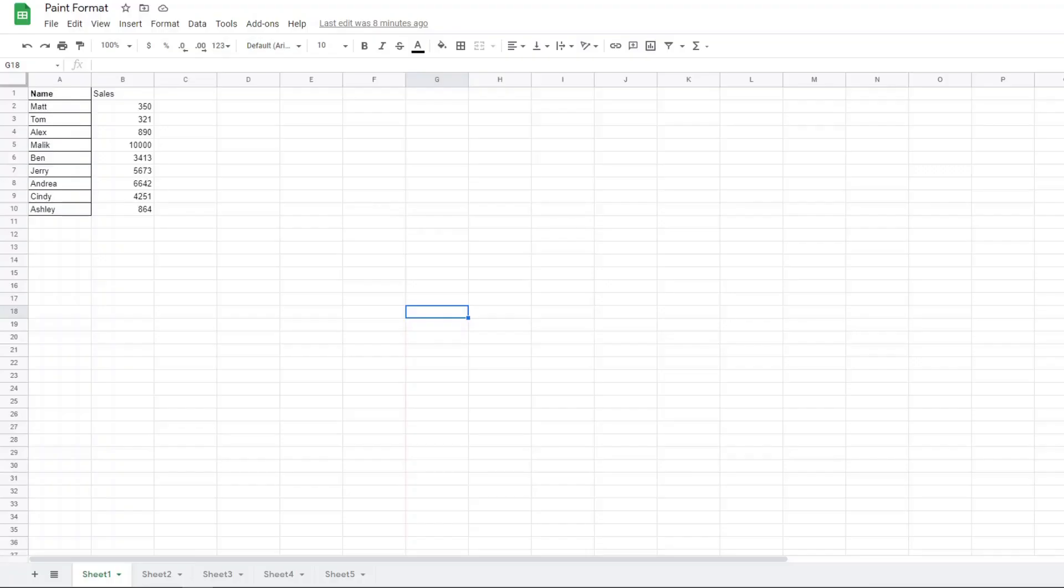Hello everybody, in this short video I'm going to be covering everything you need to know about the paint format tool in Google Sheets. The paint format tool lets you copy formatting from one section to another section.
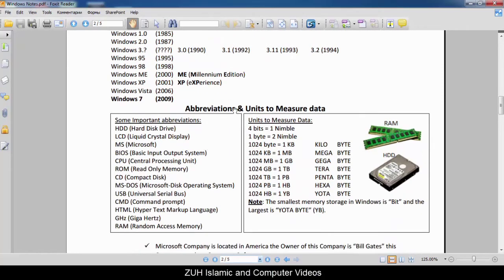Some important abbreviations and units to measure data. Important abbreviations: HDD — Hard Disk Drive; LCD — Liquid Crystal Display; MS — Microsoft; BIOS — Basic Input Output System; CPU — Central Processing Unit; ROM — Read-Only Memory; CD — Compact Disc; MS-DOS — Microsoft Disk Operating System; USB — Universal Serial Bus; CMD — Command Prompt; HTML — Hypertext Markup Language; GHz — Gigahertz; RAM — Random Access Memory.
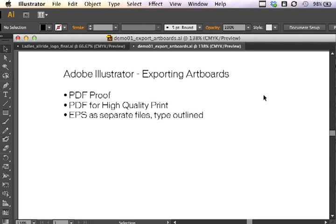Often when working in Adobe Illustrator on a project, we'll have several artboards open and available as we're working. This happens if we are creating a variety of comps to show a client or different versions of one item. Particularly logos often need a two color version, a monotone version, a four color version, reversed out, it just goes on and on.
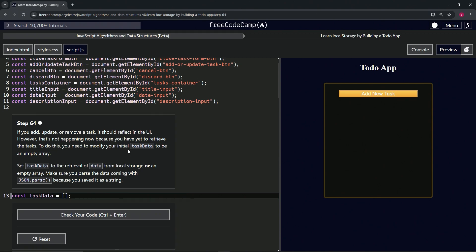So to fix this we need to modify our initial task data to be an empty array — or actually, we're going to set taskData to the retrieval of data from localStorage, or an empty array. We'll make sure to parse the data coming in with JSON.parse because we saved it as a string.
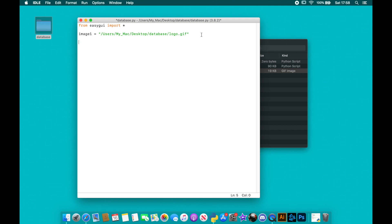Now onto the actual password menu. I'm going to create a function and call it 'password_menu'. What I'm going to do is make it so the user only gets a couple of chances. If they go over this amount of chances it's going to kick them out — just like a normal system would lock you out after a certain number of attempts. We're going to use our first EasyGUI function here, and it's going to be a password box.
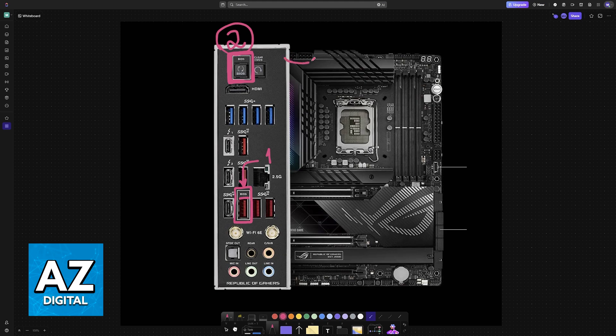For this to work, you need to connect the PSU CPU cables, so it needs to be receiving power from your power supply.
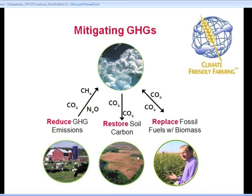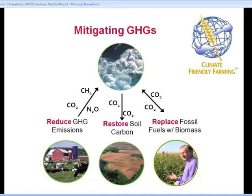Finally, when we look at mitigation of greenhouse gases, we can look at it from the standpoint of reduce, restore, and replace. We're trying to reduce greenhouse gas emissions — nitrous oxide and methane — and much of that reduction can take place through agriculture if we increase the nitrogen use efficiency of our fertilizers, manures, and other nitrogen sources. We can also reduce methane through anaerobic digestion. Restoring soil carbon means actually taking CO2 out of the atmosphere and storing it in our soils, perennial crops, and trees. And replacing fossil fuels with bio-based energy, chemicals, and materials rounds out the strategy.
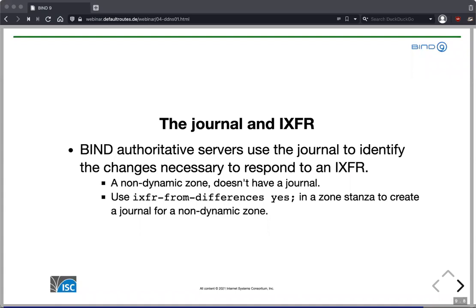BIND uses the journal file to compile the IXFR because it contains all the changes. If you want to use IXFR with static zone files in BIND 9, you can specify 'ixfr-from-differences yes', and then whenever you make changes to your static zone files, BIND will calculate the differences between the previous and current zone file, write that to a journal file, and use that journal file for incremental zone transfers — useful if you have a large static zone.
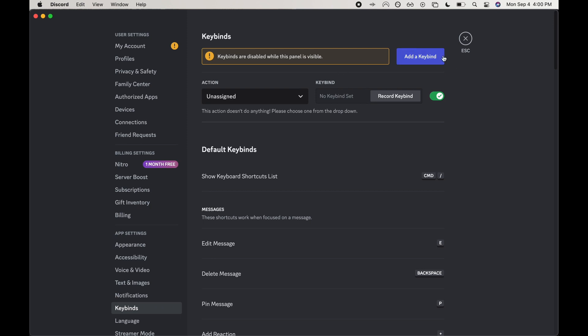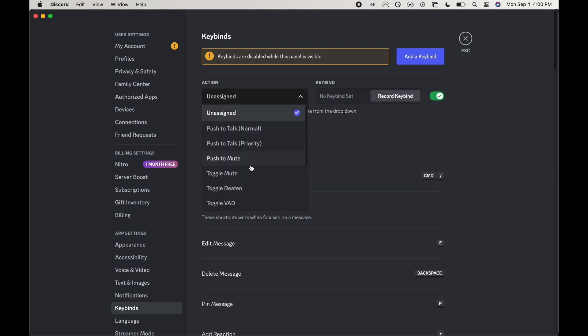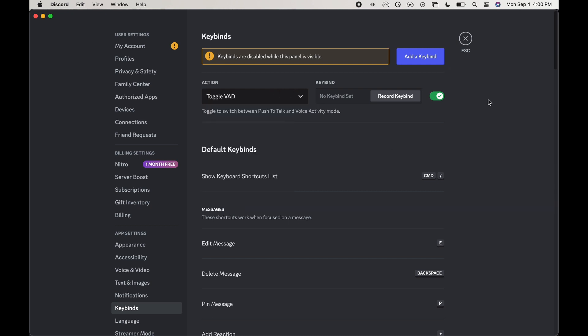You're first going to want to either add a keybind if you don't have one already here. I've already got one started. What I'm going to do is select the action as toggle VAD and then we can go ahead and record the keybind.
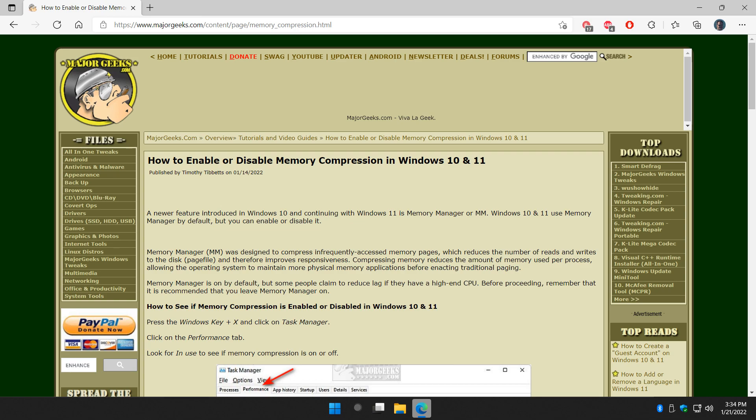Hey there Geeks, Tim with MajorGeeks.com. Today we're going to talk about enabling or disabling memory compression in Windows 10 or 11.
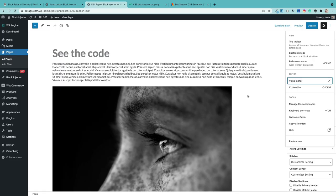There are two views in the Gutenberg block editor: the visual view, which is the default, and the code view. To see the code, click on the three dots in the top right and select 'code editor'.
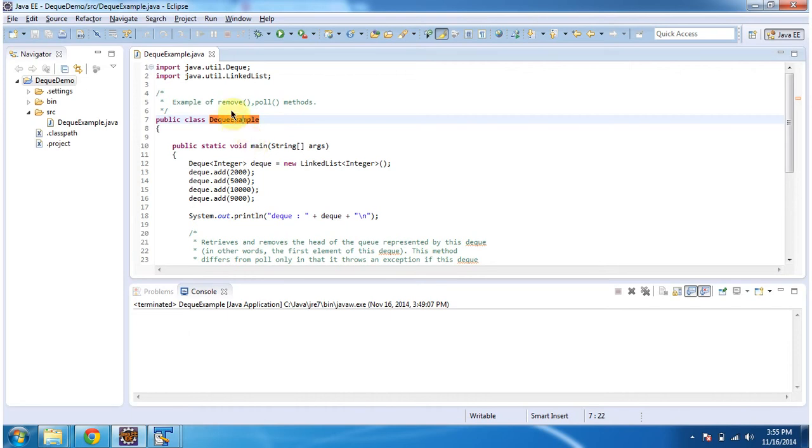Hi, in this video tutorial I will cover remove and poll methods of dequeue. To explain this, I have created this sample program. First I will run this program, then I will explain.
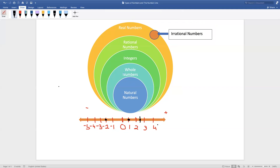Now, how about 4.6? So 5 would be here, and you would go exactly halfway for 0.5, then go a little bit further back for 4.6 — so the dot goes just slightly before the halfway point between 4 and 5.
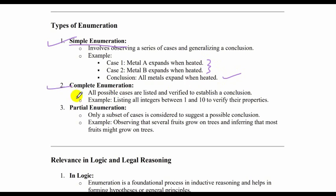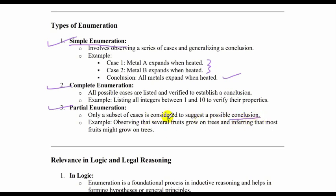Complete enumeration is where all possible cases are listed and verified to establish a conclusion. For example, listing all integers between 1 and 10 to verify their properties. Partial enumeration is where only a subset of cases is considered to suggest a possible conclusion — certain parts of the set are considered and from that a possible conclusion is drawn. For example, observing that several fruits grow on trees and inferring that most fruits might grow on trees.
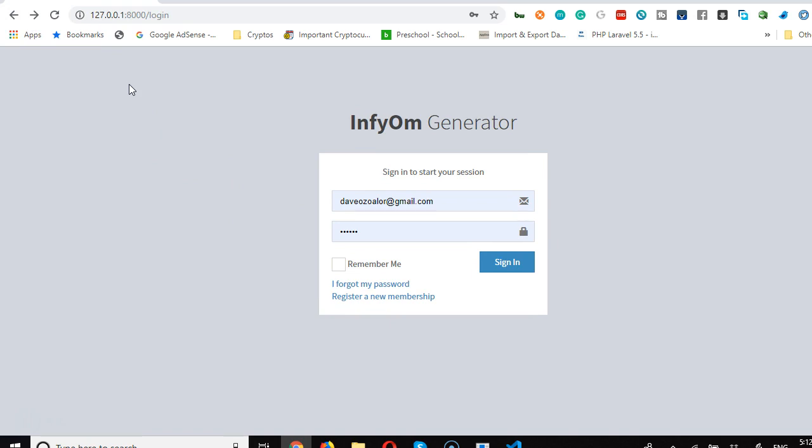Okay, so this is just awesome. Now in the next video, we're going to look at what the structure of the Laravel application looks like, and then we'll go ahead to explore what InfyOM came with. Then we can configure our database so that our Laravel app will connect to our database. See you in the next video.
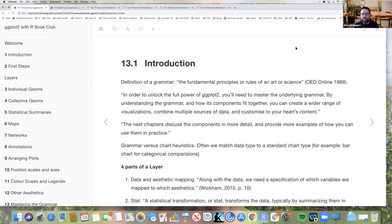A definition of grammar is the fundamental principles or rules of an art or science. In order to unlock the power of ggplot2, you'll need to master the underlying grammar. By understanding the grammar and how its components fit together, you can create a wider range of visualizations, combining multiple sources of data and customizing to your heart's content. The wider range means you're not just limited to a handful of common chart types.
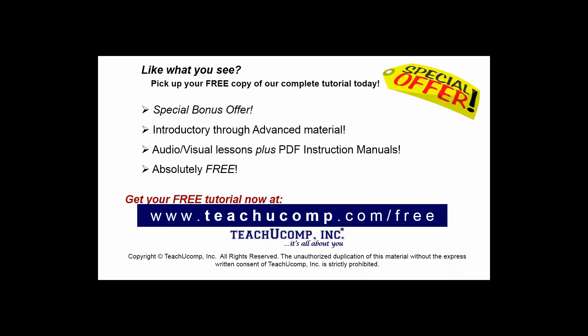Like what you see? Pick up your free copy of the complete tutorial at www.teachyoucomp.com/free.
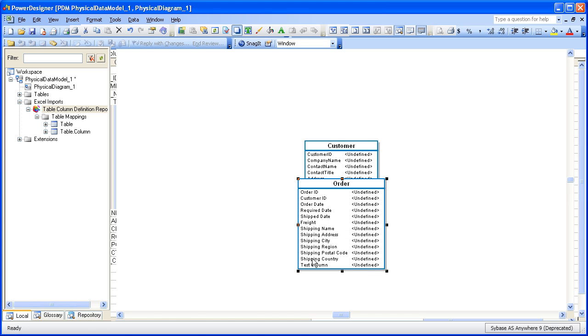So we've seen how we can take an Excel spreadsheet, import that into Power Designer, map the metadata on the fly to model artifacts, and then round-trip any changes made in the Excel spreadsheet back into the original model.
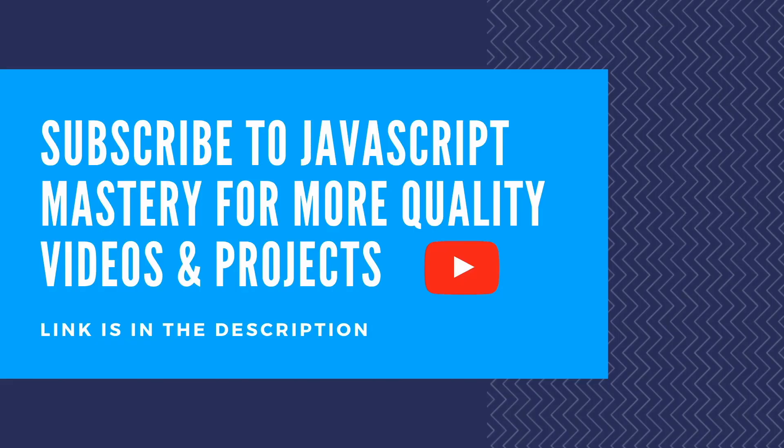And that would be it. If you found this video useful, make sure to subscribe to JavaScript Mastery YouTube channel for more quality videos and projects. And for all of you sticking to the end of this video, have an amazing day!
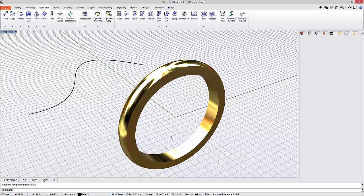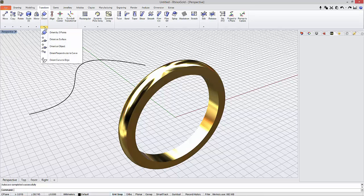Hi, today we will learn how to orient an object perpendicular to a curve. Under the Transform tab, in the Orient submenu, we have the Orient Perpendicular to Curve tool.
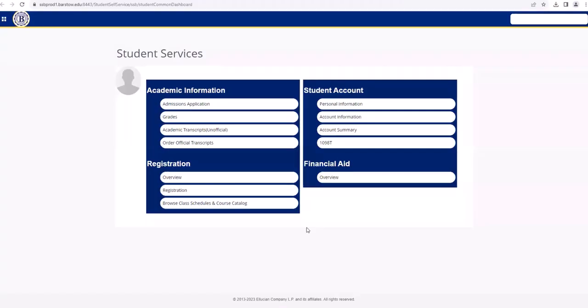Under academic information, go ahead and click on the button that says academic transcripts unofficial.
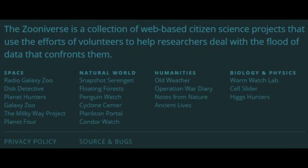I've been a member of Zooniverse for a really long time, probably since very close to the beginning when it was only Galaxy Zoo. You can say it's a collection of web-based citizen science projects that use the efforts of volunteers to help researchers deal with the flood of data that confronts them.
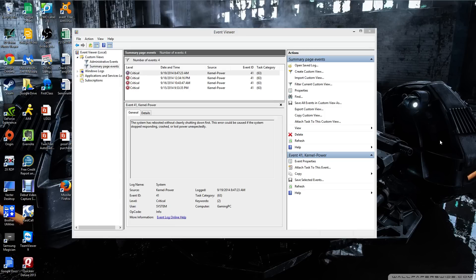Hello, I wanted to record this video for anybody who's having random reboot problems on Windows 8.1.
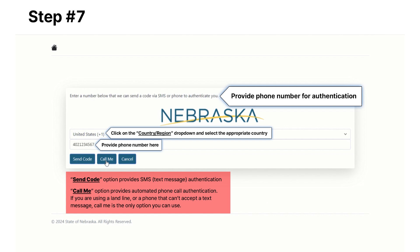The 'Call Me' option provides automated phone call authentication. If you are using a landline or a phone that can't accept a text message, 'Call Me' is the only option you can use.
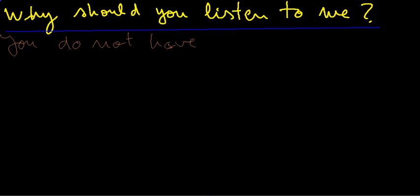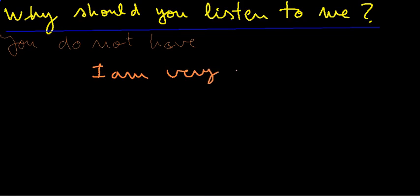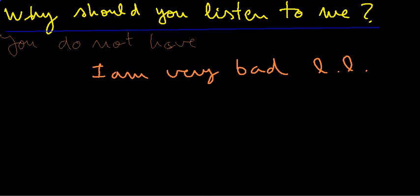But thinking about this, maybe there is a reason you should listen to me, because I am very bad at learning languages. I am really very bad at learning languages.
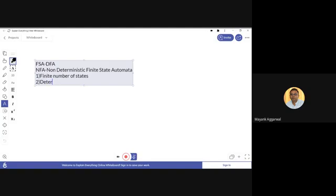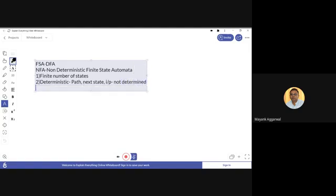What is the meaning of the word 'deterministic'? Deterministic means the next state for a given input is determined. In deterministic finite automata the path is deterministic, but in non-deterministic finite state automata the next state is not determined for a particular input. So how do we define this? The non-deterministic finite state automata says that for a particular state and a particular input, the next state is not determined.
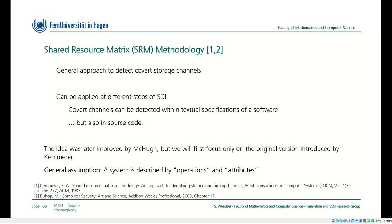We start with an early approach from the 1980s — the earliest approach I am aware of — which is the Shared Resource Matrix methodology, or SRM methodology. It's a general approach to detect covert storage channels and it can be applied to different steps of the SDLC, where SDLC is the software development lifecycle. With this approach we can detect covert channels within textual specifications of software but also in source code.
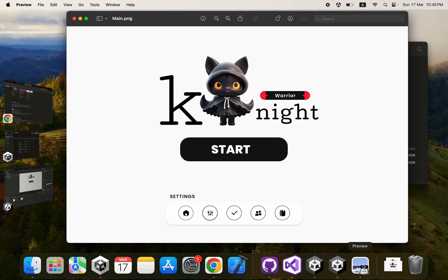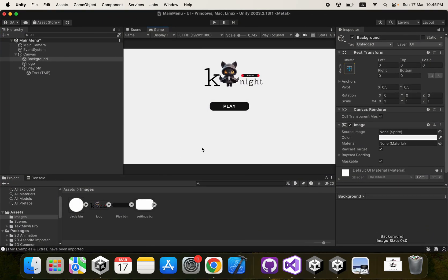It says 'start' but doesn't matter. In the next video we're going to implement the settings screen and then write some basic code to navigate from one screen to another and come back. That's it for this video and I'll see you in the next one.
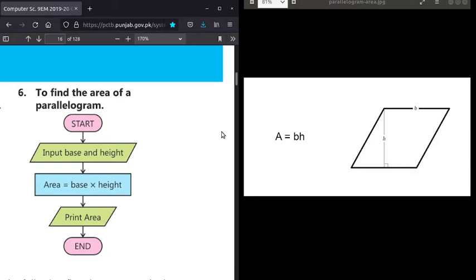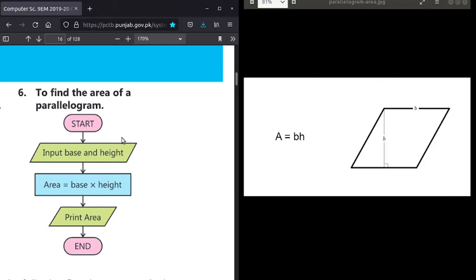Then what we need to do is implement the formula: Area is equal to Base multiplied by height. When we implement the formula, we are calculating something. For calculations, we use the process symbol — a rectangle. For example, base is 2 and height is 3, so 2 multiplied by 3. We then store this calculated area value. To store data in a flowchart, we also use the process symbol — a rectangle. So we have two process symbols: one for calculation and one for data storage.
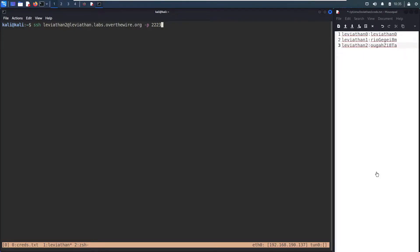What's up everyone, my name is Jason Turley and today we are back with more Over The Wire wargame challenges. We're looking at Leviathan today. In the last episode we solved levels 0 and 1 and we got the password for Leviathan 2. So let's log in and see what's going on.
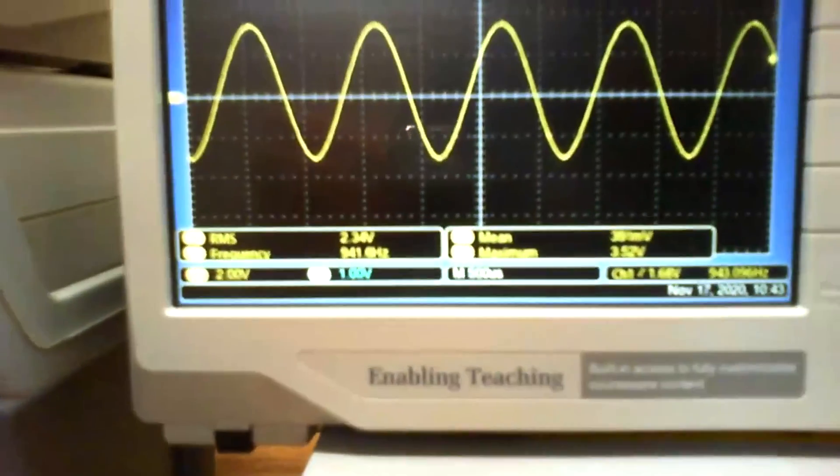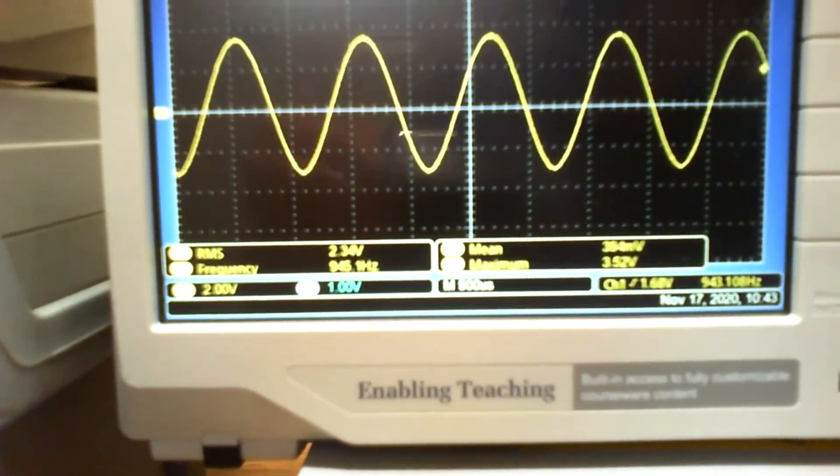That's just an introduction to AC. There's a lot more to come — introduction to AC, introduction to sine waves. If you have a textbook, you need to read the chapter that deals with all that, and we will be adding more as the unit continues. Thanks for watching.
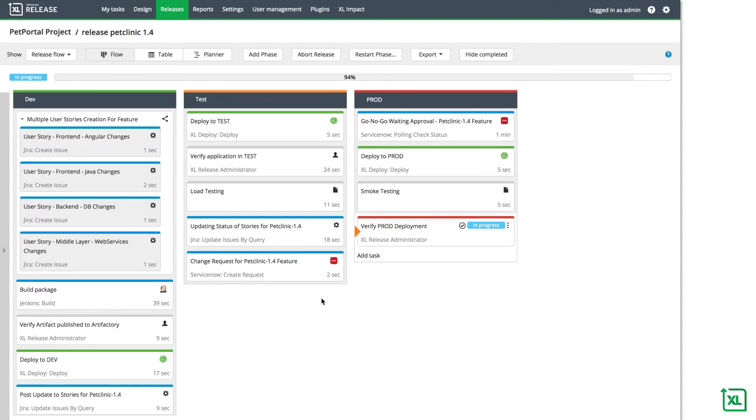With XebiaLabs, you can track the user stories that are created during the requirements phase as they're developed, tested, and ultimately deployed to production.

● ● ● ● ● ● ●

Copy word for word only the lines above from the one with "What is the" through the one with "We start with". Leave pictures out.

#### RESPONSE BOX:
What is the meaning of the word 'deterministic'? Deterministic means the next state for a given input is determined. In deterministic finite automata the path is deterministic, but in non-deterministic finite state automata the next state is not determined for a particular input. So how do we define this? The non-deterministic finite state automata says that for a particular state and a particular input, the next state is not determined.
We start with an early approach from the 1980s — the earliest approach I am aware of — which is the Shared Resource Matrix methodology, or SRM methodology. It's a general approach to detect covert storage channels and it can be applied to different steps of the SDLC, where SDLC is the software development lifecycle. With this approach we can detect covert channels within textual specifications of software but also in source code.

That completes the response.